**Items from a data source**
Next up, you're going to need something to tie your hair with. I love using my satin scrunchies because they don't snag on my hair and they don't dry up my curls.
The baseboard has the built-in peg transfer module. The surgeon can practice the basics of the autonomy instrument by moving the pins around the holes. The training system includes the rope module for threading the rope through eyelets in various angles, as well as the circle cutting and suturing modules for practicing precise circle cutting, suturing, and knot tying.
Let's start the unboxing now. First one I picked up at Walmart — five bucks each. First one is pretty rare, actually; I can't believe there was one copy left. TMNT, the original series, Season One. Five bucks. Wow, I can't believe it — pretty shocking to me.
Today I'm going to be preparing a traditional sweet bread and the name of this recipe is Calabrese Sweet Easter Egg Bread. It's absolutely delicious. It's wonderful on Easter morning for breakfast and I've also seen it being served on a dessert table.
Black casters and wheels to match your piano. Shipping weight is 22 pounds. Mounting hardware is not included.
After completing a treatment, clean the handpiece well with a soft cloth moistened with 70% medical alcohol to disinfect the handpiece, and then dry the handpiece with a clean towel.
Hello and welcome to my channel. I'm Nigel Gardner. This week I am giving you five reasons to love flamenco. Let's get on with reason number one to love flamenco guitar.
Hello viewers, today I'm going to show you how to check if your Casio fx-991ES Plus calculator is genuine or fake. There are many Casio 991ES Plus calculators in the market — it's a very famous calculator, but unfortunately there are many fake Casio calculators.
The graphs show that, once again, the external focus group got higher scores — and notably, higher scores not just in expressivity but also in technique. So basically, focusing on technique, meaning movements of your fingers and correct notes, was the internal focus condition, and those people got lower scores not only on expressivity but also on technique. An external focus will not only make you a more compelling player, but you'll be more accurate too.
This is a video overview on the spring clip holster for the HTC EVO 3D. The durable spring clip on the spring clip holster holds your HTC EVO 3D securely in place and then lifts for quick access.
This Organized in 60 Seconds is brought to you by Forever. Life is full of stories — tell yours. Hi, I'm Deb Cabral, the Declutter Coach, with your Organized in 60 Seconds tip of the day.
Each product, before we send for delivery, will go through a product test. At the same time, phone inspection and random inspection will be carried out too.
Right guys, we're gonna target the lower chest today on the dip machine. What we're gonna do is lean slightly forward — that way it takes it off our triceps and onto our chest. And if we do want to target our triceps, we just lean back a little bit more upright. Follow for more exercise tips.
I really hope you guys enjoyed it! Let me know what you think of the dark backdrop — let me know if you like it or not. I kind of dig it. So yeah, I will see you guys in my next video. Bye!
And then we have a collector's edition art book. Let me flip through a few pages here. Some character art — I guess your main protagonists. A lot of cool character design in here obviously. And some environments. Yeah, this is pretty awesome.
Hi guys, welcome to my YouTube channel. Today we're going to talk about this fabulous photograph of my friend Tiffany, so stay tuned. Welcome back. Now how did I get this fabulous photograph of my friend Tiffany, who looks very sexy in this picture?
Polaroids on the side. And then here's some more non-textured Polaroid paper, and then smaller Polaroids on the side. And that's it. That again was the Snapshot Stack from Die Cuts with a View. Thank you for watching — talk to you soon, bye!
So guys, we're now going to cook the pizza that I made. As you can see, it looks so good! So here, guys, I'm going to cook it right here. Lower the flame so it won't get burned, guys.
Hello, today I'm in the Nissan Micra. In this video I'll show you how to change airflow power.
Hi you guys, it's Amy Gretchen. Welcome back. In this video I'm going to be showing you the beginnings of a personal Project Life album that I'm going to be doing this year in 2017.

**What you have to do**
Copy down the whole of the data above, matching it exactly.

**Task response**
Next up, you're going to need something to tie your hair with. I love using my satin scrunchies because they don't snag on my hair and they don't dry up my curls.
The baseboard has the built-in peg transfer module. The surgeon can practice the basics of the autonomy instrument by moving the pins around the holes. The training system includes the rope module for threading the rope through eyelets in various angles, as well as the circle cutting and suturing modules for practicing precise circle cutting, suturing, and knot tying.
Let's start the unboxing now. First one I picked up at Walmart — five bucks each. First one is pretty rare, actually; I can't believe there was one copy left. TMNT, the original series, Season One. Five bucks. Wow, I can't believe it — pretty shocking to me.
Today I'm going to be preparing a traditional sweet bread and the name of this recipe is Calabrese Sweet Easter Egg Bread. It's absolutely delicious. It's wonderful on Easter morning for breakfast and I've also seen it being served on a dessert table.
Black casters and wheels to match your piano. Shipping weight is 22 pounds. Mounting hardware is not included.
After completing a treatment, clean the handpiece well with a soft cloth moistened with 70% medical alcohol to disinfect the handpiece, and then dry the handpiece with a clean towel.
Hello and welcome to my channel. I'm Nigel Gardner. This week I am giving you five reasons to love flamenco. Let's get on with reason number one to love flamenco guitar.
Hello viewers, today I'm going to show you how to check if your Casio fx-991ES Plus calculator is genuine or fake. There are many Casio 991ES Plus calculators in the market — it's a very famous calculator, but unfortunately there are many fake Casio calculators.
The graphs show that, once again, the external focus group got higher scores — and notably, higher scores not just in expressivity but also in technique. So basically, focusing on technique, meaning movements of your fingers and correct notes, was the internal focus condition, and those people got lower scores not only on expressivity but also on technique. An external focus will not only make you a more compelling player, but you'll be more accurate too.
This is a video overview on the spring clip holster for the HTC EVO 3D. The durable spring clip on the spring clip holster holds your HTC EVO 3D securely in place and then lifts for quick access.
This Organized in 60 Seconds is brought to you by Forever. Life is full of stories — tell yours. Hi, I'm Deb Cabral, the Declutter Coach, with your Organized in 60 Seconds tip of the day.
Each product, before we send for delivery, will go through a product test. At the same time, phone inspection and random inspection will be carried out too.
Right guys, we're gonna target the lower chest today on the dip machine. What we're gonna do is lean slightly forward — that way it takes it off our triceps and onto our chest. And if we do want to target our triceps, we just lean back a little bit more upright. Follow for more exercise tips.
I really hope you guys enjoyed it! Let me know what you think of the dark backdrop — let me know if you like it or not. I kind of dig it. So yeah, I will see you guys in my next video. Bye!
And then we have a collector's edition art book. Let me flip through a few pages here. Some character art — I guess your main protagonists. A lot of cool character design in here obviously. And some environments. Yeah, this is pretty awesome.
Hi guys, welcome to my YouTube channel. Today we're going to talk about this fabulous photograph of my friend Tiffany, so stay tuned. Welcome back. Now how did I get this fabulous photograph of my friend Tiffany, who looks very sexy in this picture?
Polaroids on the side. And then here's some more non-textured Polaroid paper, and then smaller Polaroids on the side. And that's it. That again was the Snapshot Stack from Die Cuts with a View. Thank you for watching — talk to you soon, bye!
So guys, we're now going to cook the pizza that I made. As you can see, it looks so good! So here, guys, I'm going to cook it right here. Lower the flame so it won't get burned, guys.
Hello, today I'm in the Nissan Micra. In this video I'll show you how to change airflow power.
Hi you guys, it's Amy Gretchen. Welcome back. In this video I'm going to be showing you the beginnings of a personal Project Life album that I'm going to be doing this year in 2017.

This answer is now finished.